Als kind herinner ik me ook de opwinding van mijn grootvader Arnaldo in de dagen voor zijn jaarlijkse zomerreisjes naar Portugal. Het was alsof hij het hele jaar in de VS een winterslaap had gehouden om eindelijk vol verwachting te ontwaken toen het tijd was om naar zijn geliefde Lisboa terug te keren. Ook mijn vôvô voelde al op jonge leeftijd de roeping om zijn kleine dorpje Granja in het noorden van Portugal te verlaten om een beter leven in de stad te vinden.

Mijn grootvader had groene vingers en hield van het planten van bloemen. Daarom vond hij na zijn aankomst in Lissabon al snel werk als openbaar tuinman in de Jardim de Santos en af en toe in het Parque Eduardo VII. 's Avonds hield opa Arnaldo ervan door de Alfama te zwerven om naar fadozangers te luisteren. Hij bracht ook graag tijd met zijn vrienden door met kaarten in de Bairro Alto of met lezen in een café op zondag. Opnieuw, zoals het herhalende couplet van een Fadolied, werd mijn grootvaders tijd in Lissabon kortgesloten. Het politieke klimaat werd te benauwend en hij had geen andere keuze dan te vertrekken, zoals zoveel anderen in die tijd. Hij droomde er altijd van om op een dag terug te keren naar Lissabon. Helaas had het lot andere plannen voor opa en hij overleed in de Verenigde Staten aan de verwondingen die hij opliep bij een auto-ongeluk kort nadat hij met pensioen was gegaan.

Een sprong van vertrouwen

Ikzelf, geboren in de VS, was in mijn leven maar een paar keer in Portugal geweest. Toen de pandemie vorig jaar toesloeg en het leven zo drastisch veranderde, besloot ik een enorme sprong in het diepe te wagen en naar Lissabon te verhuizen. Ik wist niet wat ik kon verwachten. Mijn kennis van de Portugese taal was die van een vijfjarig kind vanaf het moment dat ik met Avó Maria op "de trein naar Lissabon" had gezeten. Maar ik had er vertrouwen in dat als Lissabon een stad was waar mijn voorouders van hielden en geluk vonden, dat ik dat dan ook zou doen.

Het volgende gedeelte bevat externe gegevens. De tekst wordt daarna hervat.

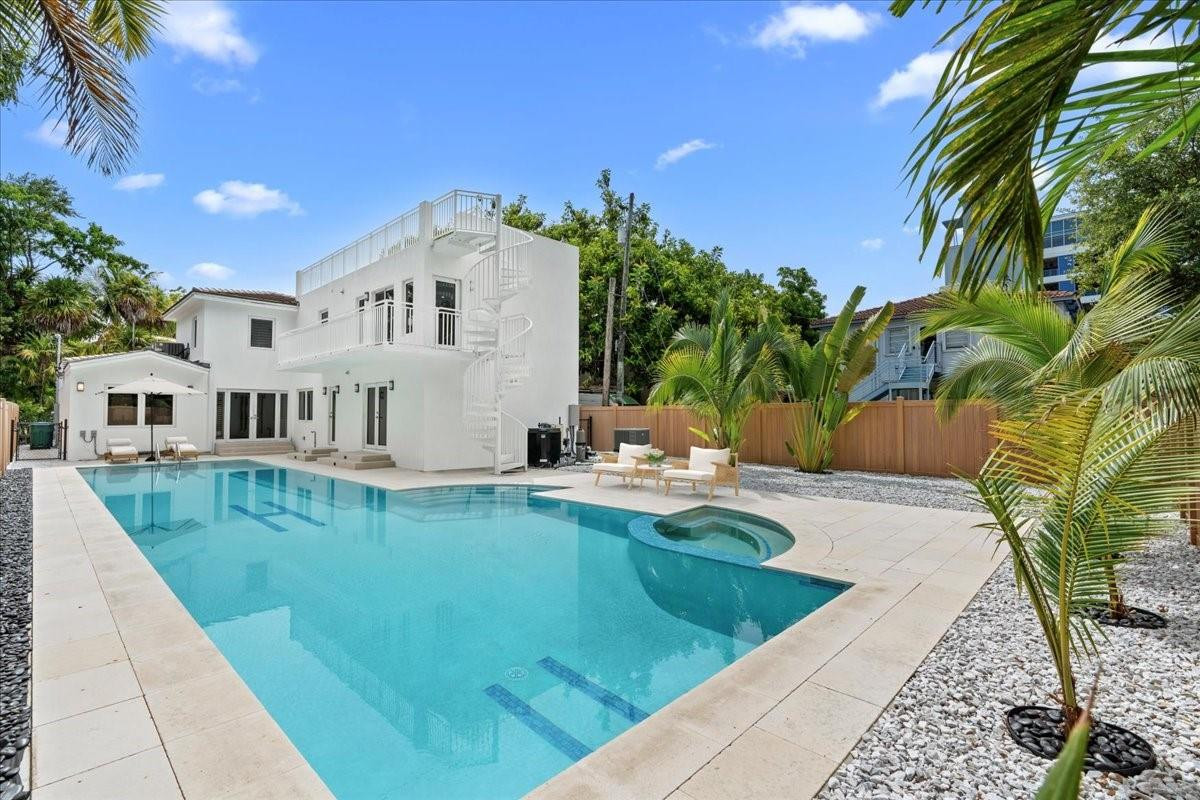257 Southwest 32nd Road Miami, FL 33129 - Photo 29 of 60 Photo 29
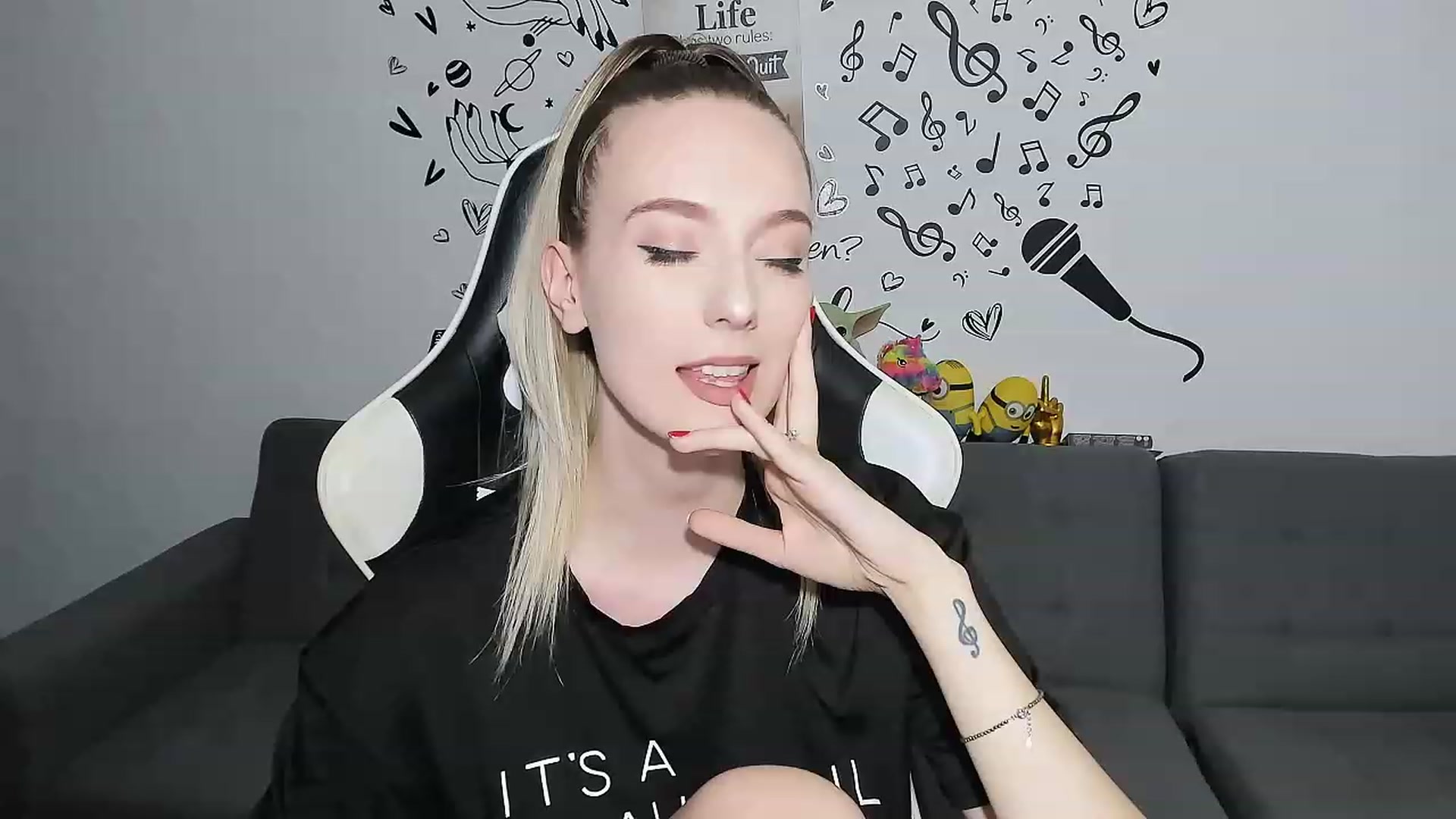 Gallery image thumbnail from Ladybug___'s myfreecams stream on, 06/07/2023, 23:01 image 12 of 20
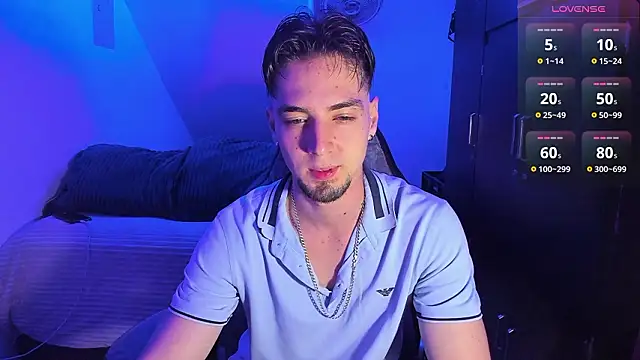 Snapshot of Alex_smith00 chatting on February 19, 2026, 12:18 am Alex smith00 online show from February 19, 2026, 12:18 am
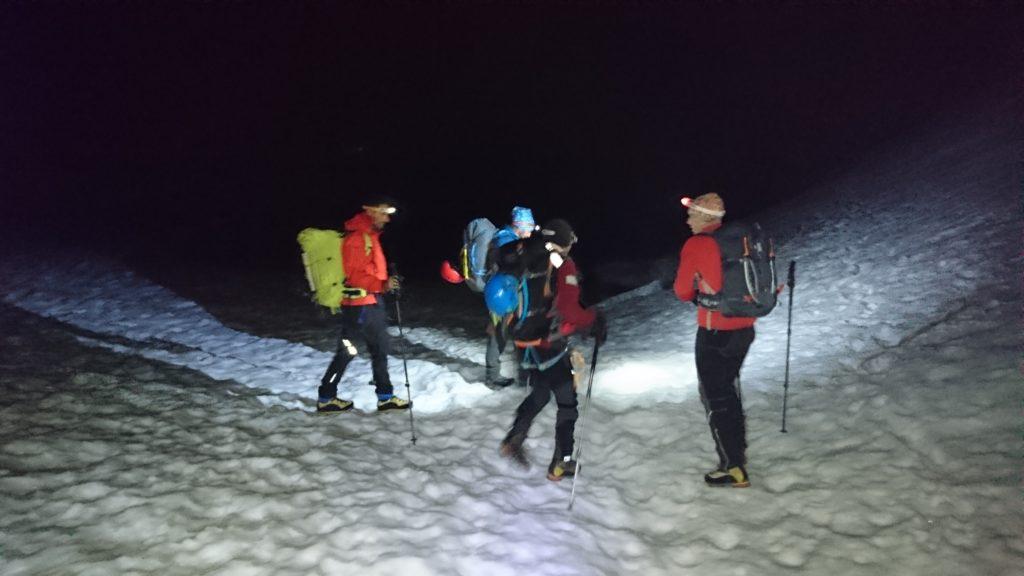 Partiamo alle 4:30 con le frontali ed arriviamo in breve alla conca dei giganti dove ci fermiamo a mettere i ramponi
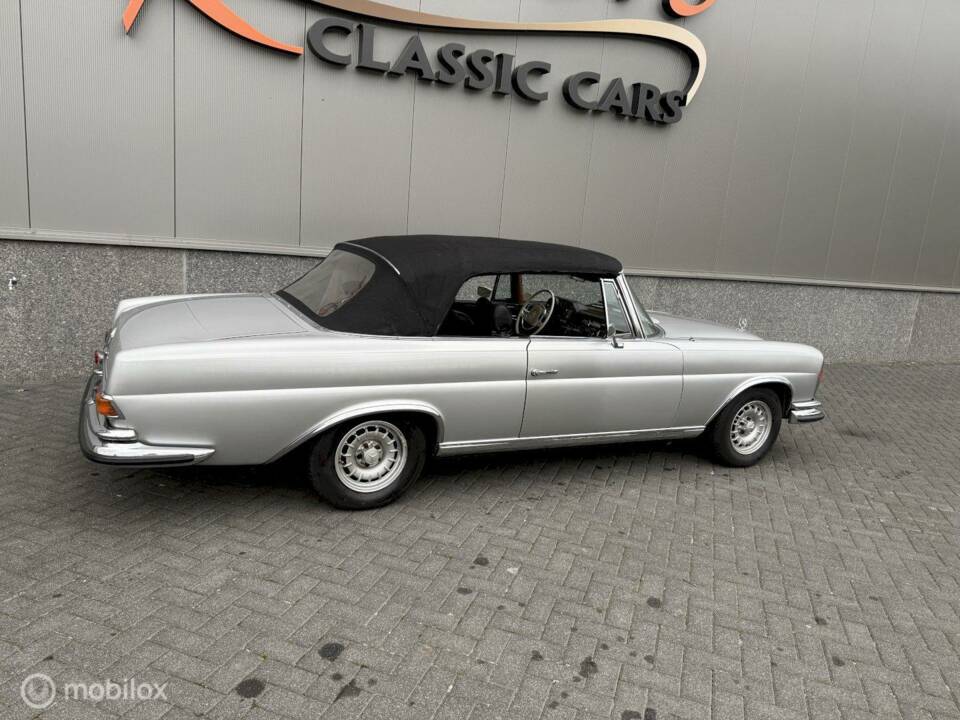 Imagen 8/35 de Mercedes-Benz 280 SE (1970)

Vanaf het moment dat ik in november vorig jaar aankwam, heeft Lissabon me geen moment teleurgesteld. Zelfs tijdens enkele van de donkerste dagen van volledige sluiting, hebben de levendige kleuren van de architectuur, de vriendelijkheid van de Portugese bevolking en de zonnestralen mijn hart verwarmd. Maar het zijn vooral de momenten dat ik in Jardim de Santos zit en de ziel van mijn grootvader voel in de wind die door de bomen ruist, of dat ik de lichte echo van de voetstappen van mijn overgrootmoeder achter me hoor als ik over de Rua da Madalena naar huis in Castelo loop, dat ik echt een diep gevoel van liefde voel en dat ik bij Lissabon hoor.

Ze zeggen dat Fadoliederen vol zitten met "saudade", wat soms wordt omschreven als een liefde die blijft, of de liefde die blijft nadat iemand is heengegaan. Lissabon, met de geesten van mijn geliefden is nu mijn Fado. Ik ben ook verliefd.